I've been happy with this stock so far, seems to be holding up well

Wish I got on board when MBL did though


----------



## michael_selway (15 September 2007)

Does CUO have a limited mine life?

*EPS(c) PE Growth 
Year Ending 30-06-07 -2.3 -- -- 
Year Ending 30-06-08 18.0 5.5 -- 

Earnings and Dividends Forecast (cents per share) 
2006 2007 2008 2009 
EPS -0.2 -2.3 18.0 19.6 
DPS 0.0 0.0 0.0 5.0 *

Thanks

MS


----------



## jman2007 (3 October 2007)

michael_selway said:


> Does CUO have a limited mine life?
> 
> *EPS(c) PE Growth
> Year Ending 30-06-07 -2.3 -- --
> ...




Hi Michael,

I am unsure what the expected mine life of their flagship project, Lady Annie currently is. Tbh, I get the impression that the dimensions in some of the lodes have yet not been fully constrained and that we can expect some of this information to be factored into the resource model in the future. But really, for a company to now be in full-scale production after it's inception after only 2 years is an incredible achievment.

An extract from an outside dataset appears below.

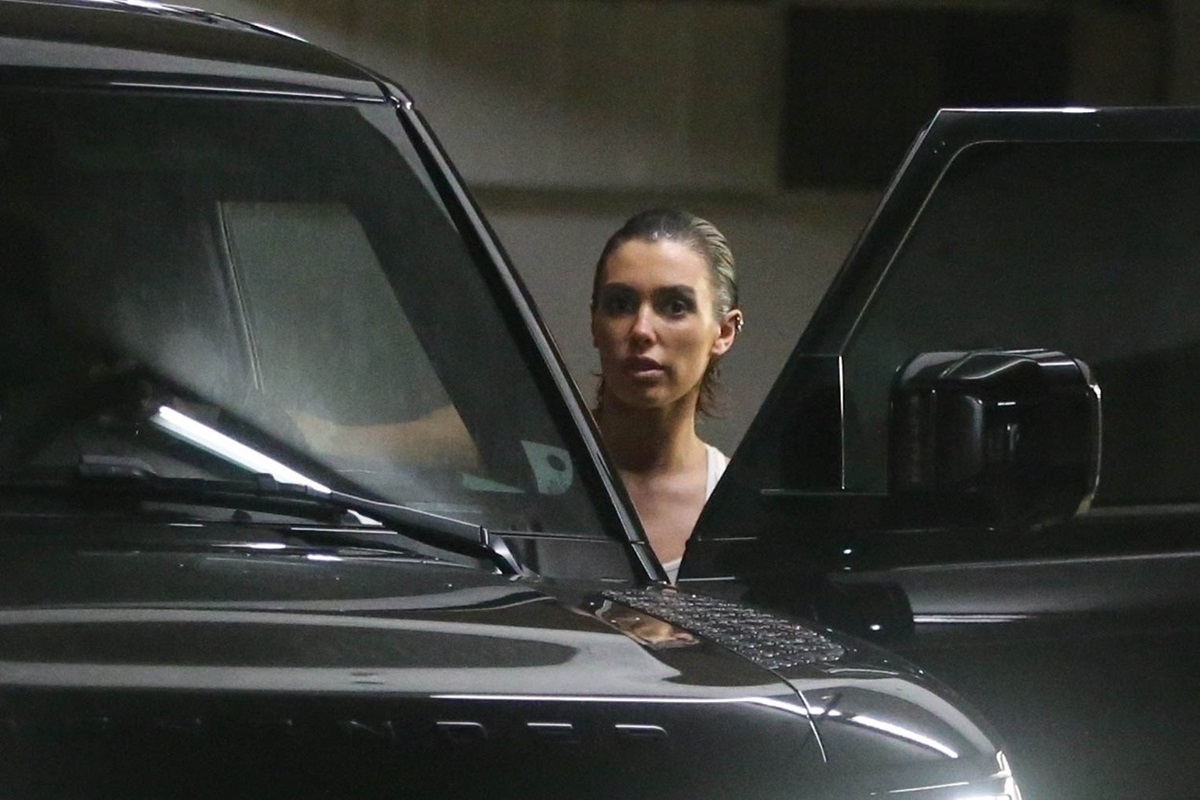 Bianca Censori în timp ce urcă la volanul unei mașini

Remember that CUO have an impressive array of at least 10-11 drill-ready targets such as Buckley River and Lady Maggie and that future share price levers may hinge more on their exploration success, rather than resource extensions at Lady Annie.

Cheers!
jman2007


----------



## jman2007 (24 December 2007)

Hey troops,

Time to spark this thread up again I think.  

CUO continue to add tonnage to the Lady Annie Global resource, the Anthill prospect has returned 3.9MT at 1.1% Cu.  The global Lady Annie Project Mineral Resource inventory now stands at 40 Mt at 0.9% Cu for 358,700 tonnes of contained copper metal underpinning a potential expansion to achieve a 30,000 tpa annual copper production rate.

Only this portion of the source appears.